**Provided data:**
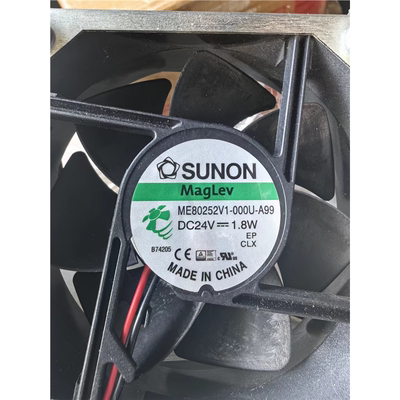 全新SUNON建准 ME80252V1-000U-A99 8cm厘米 24V 1.8W 变频器风扇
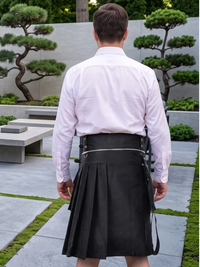 Custom Made Premium Black Gothic Utility Kilt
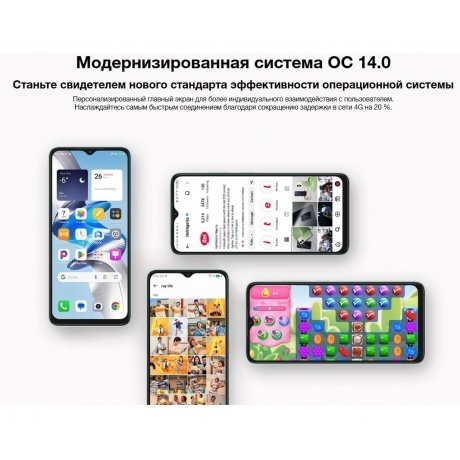 Смартфон Itel A50 3/64Gb Black - фото 26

**Exercise aim:**
Restate all of the material word for word, leaving every picture out.

**Task result:**
 全新SUNON建准 ME80252V1-000U-A99 8cm厘米 24V 1.8W 变频器风扇
 Custom Made Premium Black Gothic Utility Kilt
 Смартфон Itel A50 3/64Gb Black - фото 26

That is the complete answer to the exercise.